ASSIGNMENT. Leave out the pictures and output exactly the lines below from the one with "バス・シャワールーム　ヴェスタ堀江　浴室" down to the one with "1000021350-02511 CICLISTA MALWEE", both of them included.

DATASET EXCERPTS.

========================================================================

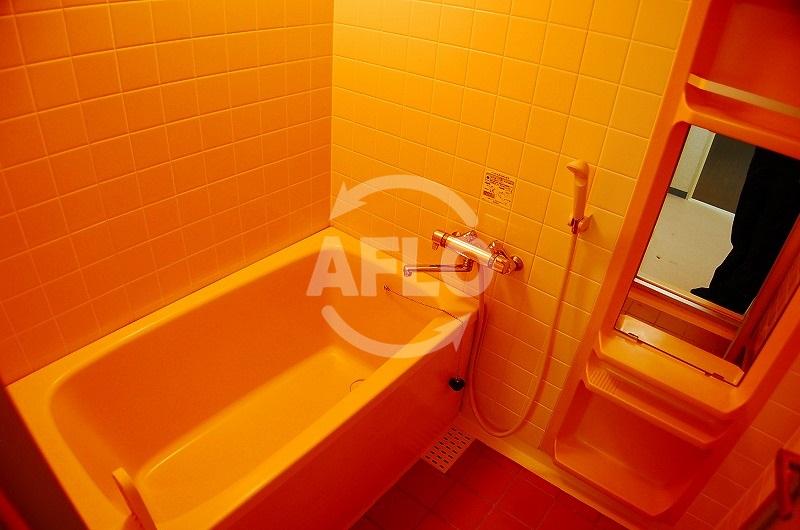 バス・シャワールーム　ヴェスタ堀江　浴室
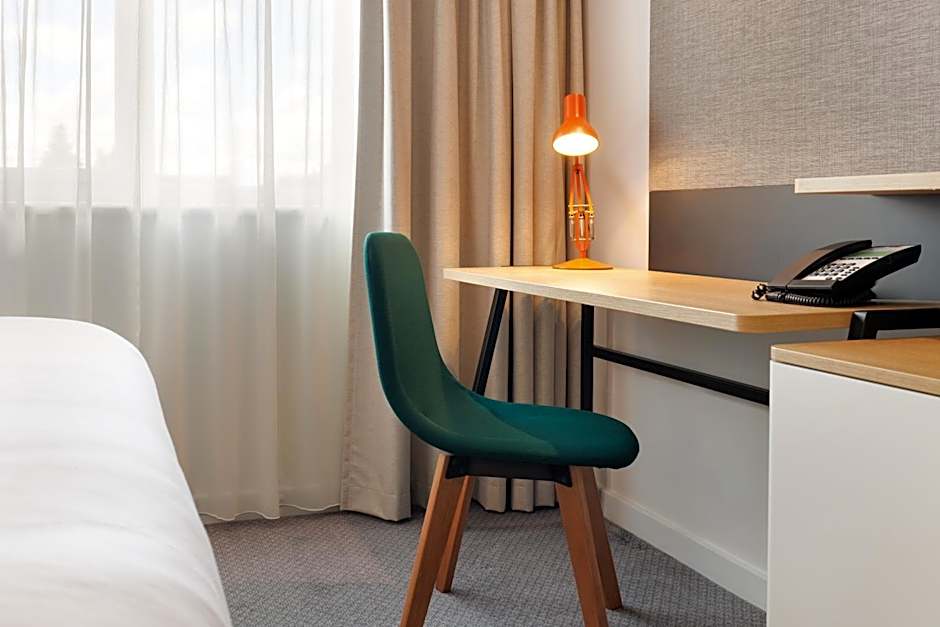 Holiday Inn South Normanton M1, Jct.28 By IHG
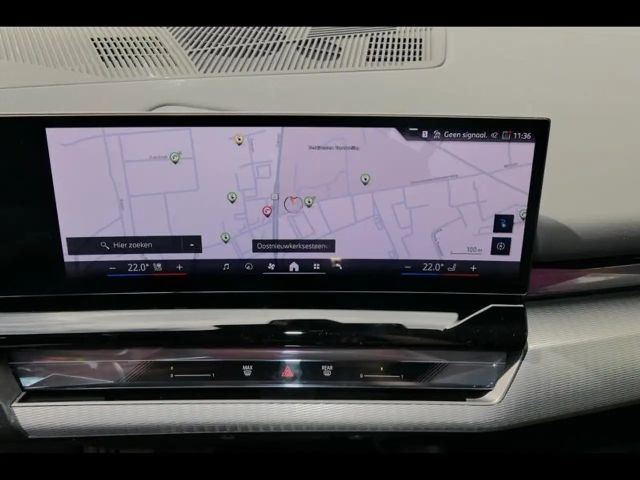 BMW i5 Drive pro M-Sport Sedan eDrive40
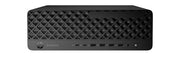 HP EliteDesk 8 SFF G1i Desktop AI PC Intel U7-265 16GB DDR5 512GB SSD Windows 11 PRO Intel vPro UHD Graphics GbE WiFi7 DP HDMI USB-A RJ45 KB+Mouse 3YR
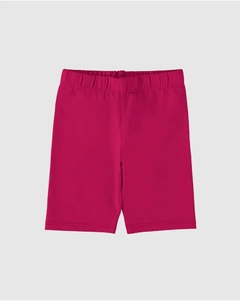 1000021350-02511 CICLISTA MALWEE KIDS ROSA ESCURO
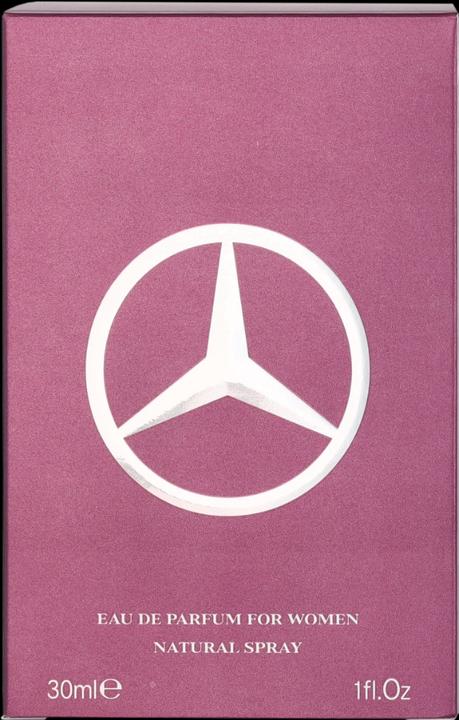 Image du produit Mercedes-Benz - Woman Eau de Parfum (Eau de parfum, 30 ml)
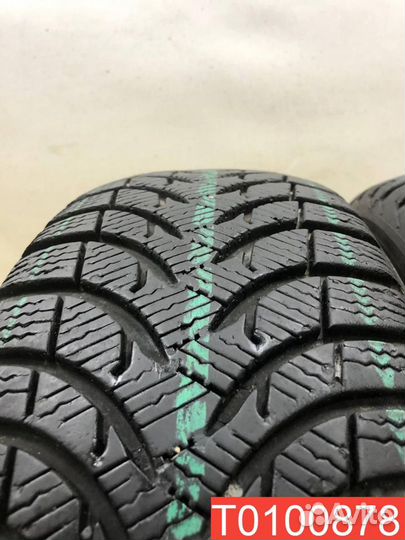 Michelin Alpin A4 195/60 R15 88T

========================================================================

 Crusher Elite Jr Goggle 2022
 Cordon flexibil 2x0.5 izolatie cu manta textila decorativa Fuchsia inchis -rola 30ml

========================================================================

WRITTEN ANSWER.
 バス・シャワールーム　ヴェスタ堀江　浴室
 Holiday Inn South Normanton M1, Jct.28 By IHG
 BMW i5 Drive pro M-Sport Sedan eDrive40
 HP EliteDesk 8 SFF G1i Desktop AI PC Intel U7-265 16GB DDR5 512GB SSD Windows 11 PRO Intel vPro UHD Graphics GbE WiFi7 DP HDMI USB-A RJ45 KB+Mouse 3YR
 1000021350-02511 CICLISTA MALWEE KIDS ROSA ESCURO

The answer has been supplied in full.